Iceberg Table Compaction
Compaction is the most critical ongoing maintenance operation for Apache Iceberg tables. Over time, high-frequency streaming writes and micro-batch jobs create many small data files, while UPDATE and DELETE operations accumulate delete files. Without compaction, query performance degrades and storage costs increase.
Compaction is the process of:
- Rewriting small data files into optimally sized files (typically 128MB–512MB).
- Applying accumulated delete files into the rewritten data files, producing clean files with no pending deletes.
- Rewriting manifests to reduce manifest file count and metadata overhead.
After compaction, the same data exists in fewer, larger, cleaner files — dramatically improving both query performance and metadata efficiency.

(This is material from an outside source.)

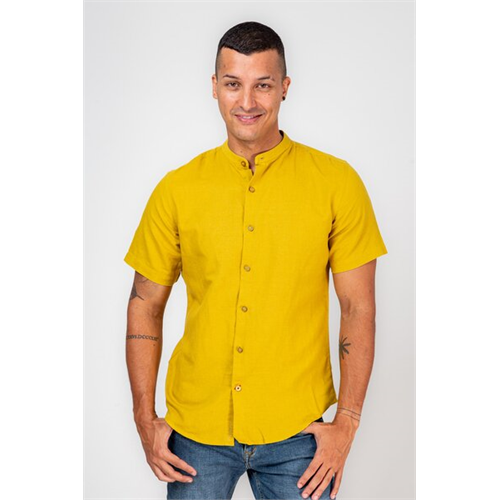 Premium Linen Short Sleeve Chinese Collar Shirt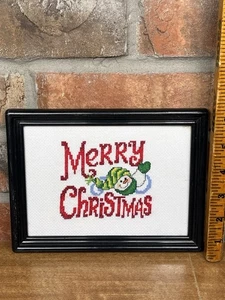 Cross Stitch Christmas Decoration Ornament Framed Merry Frosty Snowman Handmade - Picture 1 of 4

Why Compaction is Necessary
The Small File Problem
Every Iceberg write transaction produces at least one new data file. Streaming pipelines writing micro-batches every 30 seconds produce 2,880 files per day per partition. Even a moderately partitioned table accumulates tens of thousands of small files quickly.
Small files harm performance because:
- Each file requires an open/read-footer/close cycle
- Column statistics in small files are less selective for data skipping
- More manifest entries must be evaluated during query planning
- Object storage costs increase (per-request fees, per-object storage minimums)
Delete File Accumulation
UPDATE and DELETE operations (in Merge-on-Read mode) write small delete files that are applied at read time. As delete files accumulate, every read must apply more and more deletes — a join-like operation on top of every scan. Without compaction, reads degrade proportionally with delete file count.
Compaction Operations
Data File Rewriting
The core compaction operation combines multiple small files into larger ones:
-- Spark: rewrite small data files
CALL system.rewrite_data_files(
table => 'db.orders',
strategy => 'sort',
sort_order => 'zorder(customer_id, order_date)',
options => map(
'min-file-size-bytes', '67108864', -- 64MB
'max-file-size-bytes', '536870912', -- 512MB
'target-file-size-bytes', '268435456' -- 256MB target
)
);
Options include:
binpackstrategy: Pack small files into target-sized files without sorting.sortstrategy: Sort data during compaction (linear sort or Z-order) to improve column statistics selectivity.- Partial rewrites: Only rewrite files below a minimum size threshold, leaving already-optimal files untouched.
Manifest Rewriting
Compaction also includes rewriting manifests to reduce manifest count and update partition statistics:
-- Spark: rewrite manifests for reduced metadata overhead
CALL system.rewrite_manifests(
table => 'db.orders',
use_caching => true
);
Delete File Application (Positional Delete Removal)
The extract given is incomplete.